Mark 15:1-15

Text Comment

v.1
The first verse of chapter 15 resumes the narrative broken off at 14:65 to complete the account of Peter’s betrayal. At that point the Sanhedrin had agreed to condemn Jesus.

Pontius Pilate was the fifth Roman prefect of Palestine, appointed by the emperor Tiberius. He ordinarily lived in Caesarea but at the Jewish festivals, when large numbers of Jewish pilgrims streamed into Jerusalem and religious fervor ran high, the governor’s presence was needed in the capital. Pilate was prefect from A.D. 26 to A.D. 37, the longest tenure of any of the 14 Roman governors of Judea. By Roman standards he was a competent ruler but he tended to be severe and intractable and it was for this that he was eventually fired by Caligula: he dealt too ruthlessly with what was probably an innocent gathering of people in Samaria. The political situation of a Roman governor of Palestine was not simple. The Jews were constantly agitating against Roman rule. He would be expected to put down insurrection without mercy, but he could be punished for dealing too severely with his subjects. There was no use making an already volatile situation still more so.

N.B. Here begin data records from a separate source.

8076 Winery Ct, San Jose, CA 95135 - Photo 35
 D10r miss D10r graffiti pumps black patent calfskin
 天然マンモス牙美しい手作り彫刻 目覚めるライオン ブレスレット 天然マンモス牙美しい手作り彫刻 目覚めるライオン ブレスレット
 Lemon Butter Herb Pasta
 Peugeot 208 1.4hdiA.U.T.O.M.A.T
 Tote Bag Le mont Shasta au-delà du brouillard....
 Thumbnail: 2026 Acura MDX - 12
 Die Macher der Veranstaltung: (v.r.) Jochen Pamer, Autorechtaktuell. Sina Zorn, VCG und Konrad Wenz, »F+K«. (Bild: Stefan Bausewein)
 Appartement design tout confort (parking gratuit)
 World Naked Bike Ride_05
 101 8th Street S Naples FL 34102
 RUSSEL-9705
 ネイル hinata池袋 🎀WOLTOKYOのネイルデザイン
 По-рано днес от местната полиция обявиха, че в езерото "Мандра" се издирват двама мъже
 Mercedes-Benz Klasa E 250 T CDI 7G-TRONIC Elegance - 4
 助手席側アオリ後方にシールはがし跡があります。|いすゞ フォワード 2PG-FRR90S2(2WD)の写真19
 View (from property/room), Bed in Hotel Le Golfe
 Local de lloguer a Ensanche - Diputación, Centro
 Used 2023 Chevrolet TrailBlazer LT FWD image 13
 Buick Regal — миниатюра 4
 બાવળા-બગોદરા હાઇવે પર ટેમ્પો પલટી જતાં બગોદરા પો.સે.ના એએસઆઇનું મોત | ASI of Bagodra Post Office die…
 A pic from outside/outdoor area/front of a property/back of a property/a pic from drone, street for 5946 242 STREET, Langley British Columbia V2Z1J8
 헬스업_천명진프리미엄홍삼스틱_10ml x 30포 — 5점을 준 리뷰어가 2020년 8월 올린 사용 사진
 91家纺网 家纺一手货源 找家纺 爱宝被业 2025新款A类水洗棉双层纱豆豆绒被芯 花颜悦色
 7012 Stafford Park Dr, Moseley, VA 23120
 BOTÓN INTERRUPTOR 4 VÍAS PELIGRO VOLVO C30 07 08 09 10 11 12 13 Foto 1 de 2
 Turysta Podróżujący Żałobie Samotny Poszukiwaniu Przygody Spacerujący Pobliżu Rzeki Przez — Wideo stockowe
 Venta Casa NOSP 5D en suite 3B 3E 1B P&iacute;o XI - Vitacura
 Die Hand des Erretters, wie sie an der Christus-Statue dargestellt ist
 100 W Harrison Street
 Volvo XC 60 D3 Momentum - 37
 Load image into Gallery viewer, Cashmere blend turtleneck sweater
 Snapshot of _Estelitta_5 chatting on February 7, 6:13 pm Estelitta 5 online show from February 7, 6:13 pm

The picture we are given of Pilate in the NT comports very well with the information we have about him in other sources.

From the information supplied in the other Gospels it is clear that Pilate knew full well who Jesus of Nazareth was and that he was concerned about his influence. On the other hand, he did not seem to feel, upon investigation, that the circumstances called for an execution. But relations with the Jews being what they were, he was disinclined to make an issue of it by refusing to acquiesce to their demands and took the easy way out: handing Jesus over for routine crucifixion. [Edwards, 455-456]

In any case, two historical details explain the statement in verse 1. First, Roman legal proceedings commenced at daybreak; by mid-morning Roman noblemen had completed their business. Second, the Jews needed Pilate because they did not have the authority to order an execution. Understandably the Roman government did not permit local control over capital punishment.

v.2
Pilate had no interest in Jewish religious questions, but he would have been very interested in Jesus as a political figure, as a pretender to a Jewish throne. Remember, by this time in the development of Jewish thinking the Messiah was primarily a political deliverer and what he would deliver the Jews from in their view was Roman oppression. In any case, this is what the Sanhedrin told Pilate Jesus was claiming to be. Their case against him was based on the charge that he was a political revolutionary, a charge false on its face.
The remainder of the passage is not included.